TASK STATEMENT: The answer must be every entry, given again word for word.

━━━ DATA SHOWN ━━━

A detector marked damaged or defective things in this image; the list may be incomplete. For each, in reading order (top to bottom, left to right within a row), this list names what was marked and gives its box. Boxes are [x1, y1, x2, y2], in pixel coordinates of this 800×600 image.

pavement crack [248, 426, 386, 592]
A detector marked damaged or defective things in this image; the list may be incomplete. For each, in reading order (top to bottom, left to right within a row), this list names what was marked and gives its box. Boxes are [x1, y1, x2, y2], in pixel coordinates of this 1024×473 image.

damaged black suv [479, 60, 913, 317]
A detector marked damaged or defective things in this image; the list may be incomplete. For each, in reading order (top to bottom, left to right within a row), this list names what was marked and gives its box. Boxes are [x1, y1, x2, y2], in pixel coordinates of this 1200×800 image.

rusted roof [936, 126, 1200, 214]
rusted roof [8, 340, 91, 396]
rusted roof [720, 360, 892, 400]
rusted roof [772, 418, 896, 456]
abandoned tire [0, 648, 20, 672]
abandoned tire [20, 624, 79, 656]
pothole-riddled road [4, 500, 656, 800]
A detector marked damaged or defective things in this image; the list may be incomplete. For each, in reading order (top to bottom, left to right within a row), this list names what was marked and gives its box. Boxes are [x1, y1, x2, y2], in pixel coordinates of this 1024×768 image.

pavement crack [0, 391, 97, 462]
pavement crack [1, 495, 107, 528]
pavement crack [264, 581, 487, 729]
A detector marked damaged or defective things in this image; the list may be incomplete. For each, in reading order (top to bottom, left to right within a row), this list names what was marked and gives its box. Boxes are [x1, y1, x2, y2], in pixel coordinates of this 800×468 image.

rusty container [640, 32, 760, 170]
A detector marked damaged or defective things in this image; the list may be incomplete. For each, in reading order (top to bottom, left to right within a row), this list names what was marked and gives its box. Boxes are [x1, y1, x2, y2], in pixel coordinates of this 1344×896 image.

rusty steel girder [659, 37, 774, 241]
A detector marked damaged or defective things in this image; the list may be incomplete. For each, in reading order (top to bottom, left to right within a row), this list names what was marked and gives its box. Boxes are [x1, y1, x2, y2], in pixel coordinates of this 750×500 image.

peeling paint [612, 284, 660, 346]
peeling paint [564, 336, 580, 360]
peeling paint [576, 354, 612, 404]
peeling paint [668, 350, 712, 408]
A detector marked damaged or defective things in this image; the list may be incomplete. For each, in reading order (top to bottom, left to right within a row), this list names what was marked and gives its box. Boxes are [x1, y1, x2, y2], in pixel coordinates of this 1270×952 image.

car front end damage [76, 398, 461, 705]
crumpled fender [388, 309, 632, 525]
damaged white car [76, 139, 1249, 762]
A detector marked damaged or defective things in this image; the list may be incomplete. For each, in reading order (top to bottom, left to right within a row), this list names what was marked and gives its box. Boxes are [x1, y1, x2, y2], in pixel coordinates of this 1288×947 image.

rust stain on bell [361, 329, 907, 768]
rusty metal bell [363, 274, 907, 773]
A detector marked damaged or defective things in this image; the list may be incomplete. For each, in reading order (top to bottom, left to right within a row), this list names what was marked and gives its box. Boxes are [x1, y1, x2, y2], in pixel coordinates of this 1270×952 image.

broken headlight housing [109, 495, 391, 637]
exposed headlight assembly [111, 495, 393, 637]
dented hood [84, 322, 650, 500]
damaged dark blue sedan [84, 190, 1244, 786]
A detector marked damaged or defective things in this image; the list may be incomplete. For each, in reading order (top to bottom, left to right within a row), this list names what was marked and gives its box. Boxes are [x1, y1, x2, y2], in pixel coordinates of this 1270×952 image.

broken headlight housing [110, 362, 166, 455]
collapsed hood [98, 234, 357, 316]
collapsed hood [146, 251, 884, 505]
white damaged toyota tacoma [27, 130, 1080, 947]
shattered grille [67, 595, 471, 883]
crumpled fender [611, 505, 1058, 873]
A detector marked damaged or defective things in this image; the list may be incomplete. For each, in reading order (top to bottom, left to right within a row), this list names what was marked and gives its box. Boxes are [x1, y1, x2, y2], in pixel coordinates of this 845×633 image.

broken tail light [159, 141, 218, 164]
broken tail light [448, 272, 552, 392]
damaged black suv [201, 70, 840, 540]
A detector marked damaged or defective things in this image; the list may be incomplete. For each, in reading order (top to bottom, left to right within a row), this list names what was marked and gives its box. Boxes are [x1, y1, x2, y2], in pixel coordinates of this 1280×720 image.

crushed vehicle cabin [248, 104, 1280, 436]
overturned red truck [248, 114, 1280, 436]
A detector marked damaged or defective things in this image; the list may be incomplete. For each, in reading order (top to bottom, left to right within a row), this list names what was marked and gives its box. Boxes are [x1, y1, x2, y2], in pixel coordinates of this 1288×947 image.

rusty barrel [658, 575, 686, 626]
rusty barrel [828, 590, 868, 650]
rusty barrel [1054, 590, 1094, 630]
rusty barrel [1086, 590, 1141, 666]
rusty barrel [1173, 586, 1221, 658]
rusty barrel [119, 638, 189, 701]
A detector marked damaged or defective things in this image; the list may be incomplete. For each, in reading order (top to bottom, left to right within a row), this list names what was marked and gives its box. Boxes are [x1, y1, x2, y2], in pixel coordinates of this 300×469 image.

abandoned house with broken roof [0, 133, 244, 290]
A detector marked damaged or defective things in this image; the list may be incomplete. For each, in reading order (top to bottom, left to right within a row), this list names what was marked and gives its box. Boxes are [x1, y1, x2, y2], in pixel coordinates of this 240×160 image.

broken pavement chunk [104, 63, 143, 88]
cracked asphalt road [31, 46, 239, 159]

━━━

RESPONSE:
A detector marked damaged or defective things in this image; the list may be incomplete. For each, in reading order (top to bottom, left to right within a row), this list names what was marked and gives its box. Boxes are [x1, y1, x2, y2], in pixel coordinates of this 800×600 image.

pavement crack [248, 426, 386, 592]
A detector marked damaged or defective things in this image; the list may be incomplete. For each, in reading order (top to bottom, left to right within a row), this list names what was marked and gives its box. Boxes are [x1, y1, x2, y2], in pixel coordinates of this 1024×473 image.

damaged black suv [479, 60, 913, 317]
A detector marked damaged or defective things in this image; the list may be incomplete. For each, in reading order (top to bottom, left to right within a row), this list names what was marked and gives its box. Boxes are [x1, y1, x2, y2], in pixel coordinates of this 1200×800 image.

rusted roof [936, 126, 1200, 214]
rusted roof [8, 340, 91, 396]
rusted roof [720, 360, 892, 400]
rusted roof [772, 418, 896, 456]
abandoned tire [0, 648, 20, 672]
abandoned tire [20, 624, 79, 656]
pothole-riddled road [4, 500, 656, 800]
A detector marked damaged or defective things in this image; the list may be incomplete. For each, in reading order (top to bottom, left to right within a row), this list names what was marked and gives its box. Boxes are [x1, y1, x2, y2], in pixel coordinates of this 1024×768 image.

pavement crack [0, 391, 97, 462]
pavement crack [1, 495, 107, 528]
pavement crack [264, 581, 487, 729]
A detector marked damaged or defective things in this image; the list may be incomplete. For each, in reading order (top to bottom, left to right within a row), this list names what was marked and gives its box. Boxes are [x1, y1, x2, y2], in pixel coordinates of this 800×468 image.

rusty container [640, 32, 760, 170]
A detector marked damaged or defective things in this image; the list may be incomplete. For each, in reading order (top to bottom, left to right within a row), this list names what was marked and gives its box. Boxes are [x1, y1, x2, y2], in pixel coordinates of this 1344×896 image.

rusty steel girder [659, 37, 774, 241]
A detector marked damaged or defective things in this image; the list may be incomplete. For each, in reading order (top to bottom, left to right within a row), this list names what was marked and gives its box. Boxes are [x1, y1, x2, y2], in pixel coordinates of this 750×500 image.

peeling paint [612, 284, 660, 346]
peeling paint [564, 336, 580, 360]
peeling paint [576, 354, 612, 404]
peeling paint [668, 350, 712, 408]
A detector marked damaged or defective things in this image; the list may be incomplete. For each, in reading order (top to bottom, left to right within a row), this list names what was marked and gives its box. Boxes are [x1, y1, x2, y2], in pixel coordinates of this 1270×952 image.

car front end damage [76, 398, 461, 705]
crumpled fender [388, 309, 632, 525]
damaged white car [76, 139, 1249, 762]
A detector marked damaged or defective things in this image; the list may be incomplete. For each, in reading order (top to bottom, left to right within a row), this list names what was marked and gives its box. Boxes are [x1, y1, x2, y2], in pixel coordinates of this 1288×947 image.

rust stain on bell [361, 329, 907, 768]
rusty metal bell [363, 274, 907, 773]
A detector marked damaged or defective things in this image; the list may be incomplete. For each, in reading order (top to bottom, left to right within a row), this list names what was marked and gives its box. Boxes are [x1, y1, x2, y2], in pixel coordinates of this 1270×952 image.

broken headlight housing [109, 495, 391, 637]
exposed headlight assembly [111, 495, 393, 637]
dented hood [84, 322, 650, 500]
damaged dark blue sedan [84, 190, 1244, 786]
A detector marked damaged or defective things in this image; the list may be incomplete. For each, in reading order (top to bottom, left to right within a row), this list names what was marked and gives its box. Boxes are [x1, y1, x2, y2], in pixel coordinates of this 1270×952 image.

broken headlight housing [110, 362, 166, 455]
collapsed hood [98, 234, 357, 316]
collapsed hood [146, 251, 884, 505]
white damaged toyota tacoma [27, 130, 1080, 947]
shattered grille [67, 595, 471, 883]
crumpled fender [611, 505, 1058, 873]
A detector marked damaged or defective things in this image; the list may be incomplete. For each, in reading order (top to bottom, left to right within a row), this list names what was marked and gives its box. Boxes are [x1, y1, x2, y2], in pixel coordinates of this 845×633 image.

broken tail light [159, 141, 218, 164]
broken tail light [448, 272, 552, 392]
damaged black suv [201, 70, 840, 540]
A detector marked damaged or defective things in this image; the list may be incomplete. For each, in reading order (top to bottom, left to right within a row), this list names what was marked and gives its box. Boxes are [x1, y1, x2, y2], in pixel coordinates of this 1280×720 image.

crushed vehicle cabin [248, 104, 1280, 436]
overturned red truck [248, 114, 1280, 436]
A detector marked damaged or defective things in this image; the list may be incomplete. For each, in reading order (top to bottom, left to right within a row), this list names what was marked and gives its box. Boxes are [x1, y1, x2, y2], in pixel coordinates of this 1288×947 image.

rusty barrel [658, 575, 686, 626]
rusty barrel [828, 590, 868, 650]
rusty barrel [1054, 590, 1094, 630]
rusty barrel [1086, 590, 1141, 666]
rusty barrel [1173, 586, 1221, 658]
rusty barrel [119, 638, 189, 701]
A detector marked damaged or defective things in this image; the list may be incomplete. For each, in reading order (top to bottom, left to right within a row), this list names what was marked and gives its box. Boxes are [x1, y1, x2, y2], in pixel coordinates of this 300×469 image.

abandoned house with broken roof [0, 133, 244, 290]
A detector marked damaged or defective things in this image; the list may be incomplete. For each, in reading order (top to bottom, left to right within a row), this list names what was marked and gives its box. Boxes are [x1, y1, x2, y2], in pixel coordinates of this 240×160 image.

broken pavement chunk [104, 63, 143, 88]
cracked asphalt road [31, 46, 239, 159]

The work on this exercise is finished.